Baudelaire, Les Fleurs du mal - Spleen LXXVI

Commentaire linéaire, entièrement rédigé.

Dernière mise à jour : 11/01/2022 • Proposé par: charlesb (élève)

Texte étudié

J'ai plus de souvenirs que si j'avais mille ans.

Un gros meuble à tiroirs encombrés de bilans,
De vers, de billets doux, de procès, de romances,
Avec de lourds cheveux roulés dans des quittances,
Cache moins de secrets que mon triste cerveau.
C'est une pyramide, un immense caveau,
Qui contient plus de morts que la fosse commune.
- Je suis un cimetière abhorré de la lune,
Où comme des remords se traînent de longs vers
Qui s'acharnent toujours sur mes morts les plus chers.
Je suis un vieux boudoir plein de roses fanées,
Où gît tout un fouillis de modes surannées,
Où les pastels plaintifs et les pâles Boucher
Seuls, respirent l'odeur d'un flacon débouché.

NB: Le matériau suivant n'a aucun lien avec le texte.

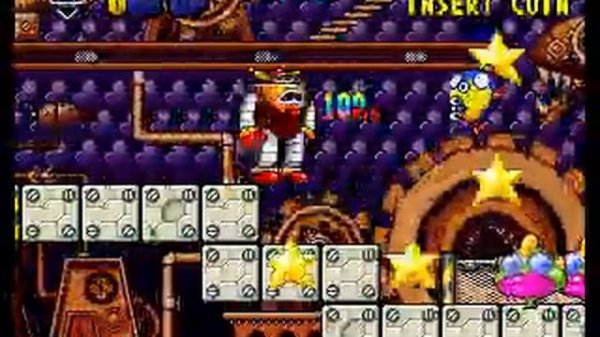 CLOCKWORK AQUARIO - SEGA SYSTEM 18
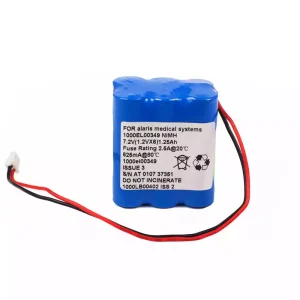 Replacement battery for Alaris 1000EL00349 GW Volumetric pump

Rien n'égale en longueur les boiteuses journées,
Quand sous les lourds flocons des neigeuses années
L'ennui, fruit de la morne incuriosité
Prend les proportions de l'immortalité.
- Désormais tu n'es plus, ô matière vivante !
Qu'un granit entouré d'une vague épouvante,
Assoupi dans le fond d'un Sahara brumeux ;
Un vieux sphinx ignoré du monde insoucieux,
Oublié sur la carte, et dont l'humeur farouche
Ne chante qu'aux rayons du soleil qui se couche.

Baudelaire, Les Fleurs du mal - Spleen LXXVI

La section « Spleen et Idéal » propose un parcours poétique relatant, poème après poème, la lente désagrégation des idéaux pour laisser place au spleen. Ce dernier deviendra peu à peu le véritable sujet de l'expression poétique, ce mal dont il s'agira pour Baudelaire de cueillir les fleurs. Pourtant, même s'il partage certains traits du « mal du siècle » cher aux romantiques, le spleen est un sentiment bien plus complexe qui devra, pour être exprimé et saisi pleinement, contraindre Baudelaire à un inlassable travail sur la forme qu'il a parfois appelé « alchimie ».

Dans ce poème intitulé Spleen, la structure comme les images sont extrêmement déroutantes et le « je » poétique s'imprègne de différentes ambiances pour parvenir à un état final de réification (Le Sphinx) tout à fait perturbant. A côté de l'alchimie poétique, il est donc aussi peut être question d'une alchimie du spleen qui peu à peu transforme l'être en chose et fait échec à l'homme vivant. Rappelons à cet égard quelques vers qui, dans « Au lecteur », évoquent le Diable (le Malin, à défaut du mal) et donnent peut-être de précieuses indications sur cette force mystérieuse qui « occupe nos esprits et travaille nos corps ». Dans ce poème liminaire Baudelaire précise « [Que] le riche métal de notre volonté / Est tout vaporisé par ce savant chimiste ». Référence à l'alchimie là encore … Nous verrons comment, dans le mouvement de ce poème, le changement de forme se retrouve au centre de la progression, transformant la vie et les souvenirs en une matière lourde et pesante qui finira, en inversion par rapport à la métaphore alchimique traditionnelle, par passer du subtil à l'épais ou de l'or au plomb.

I. Titre et premier vers

a) Titre

Spleen est un mot d'origine anglaise. Son sens propre est « rate » ou « humeur noire ». En français son sens littéraire est celui de « mélancolie passagère, sans cause apparente, caractérisée par le dégoût de toute chose (Synonymes : cafard, ennui, neurasthénie) ».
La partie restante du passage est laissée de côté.